Dan, sedihnya tak ada lagi muncul budayawan, seniman, penyair sekelas Rendra yang mampu menangkap dengan cerdas keluh kesah rakyat sebagai basis roh karya dan mau (berani) berseru dg lantang menunjuk hidung kaum kuasa yagn terkesan hanya sibuk kasak-kusuk untuk upaya kukuh terus berkuasa.
Rendra begitu peduli negeri, tidak saja lewat karya pentas teater semacam, “Mastodon dan Burung Condor”, “Perjuangan Suku Naga”, “Penembahan Reso”, juga lewat karya sajak cadas nan bernas semacam elegi “Rangkasbitung”, “Bersatulah Pelacur Jakarta”, “Paman Doblang”, “Sajak Sebatang Lisong” dan karya impresif lainnya, tapi juga sering terjun langsung ke sisi rakyat jelata, sembari mengobarkan semangat para aktivis, pemuda dan mahasiswa dalam upaya memperjuangkan aspirasi rakyat banyak.
Seperti dapat disimak di buku Biografi Abu Bakar, “Aku dan Teater Kontemporer” (2019), rekam respek AB pada sosok Rendra sudah tercatat sejak jauh di medio 1980 silam. Saat itu Teater Poliklinik pimpinan Abu Bakar tercatat sukses mementaskan dramatisasi sajak Rendra “Nyanyian Angsa” di Gedung Tri Prasetya RRI, Jalan Melati, Denpasar, Bali.
Maka peminat seni pentas tak akan kaget jika AB kerap mengusung spirit karya-karya Rendra dalam pentasnya. Jika pun bukan ditargetkan untuk menggedor nurani kaum kuasa, paling tidak bisa dibaca semacam satir bagi para pendaku penyair, seniman kekinian yang terkesan main aman, ikut latah bak laron merubung istana kekuasaan yang fana, menepi dan abai atas realita sosial rakyat jelata, kaum tertindas dan kehidupan bangsa.
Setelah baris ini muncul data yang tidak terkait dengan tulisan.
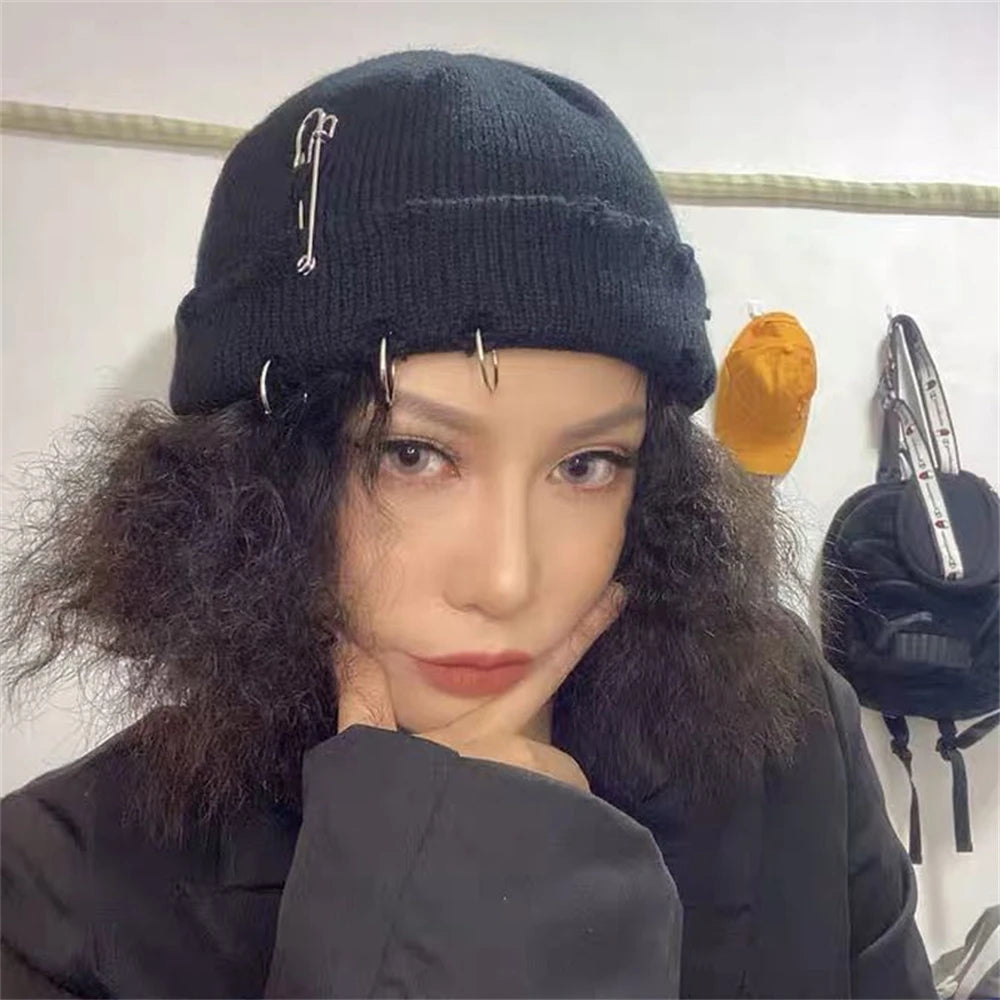 NEXT STREET Pierced Smile Knit Hat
Penyair terkini terlalu asyik dengan diri sendiri. Tak tampak ada bara api atau daya juang untuk pembela kepentingan kaum pinggiran seperti pilihan sikap berkesenian yang konsisten diaktualisasikan si Burung Merak sepanjang hidup kreatifnya.
Ya, kita rindu Rendra!
Putu Suarthama, peminat seni budaya, tinggal di Sukawati, Bali.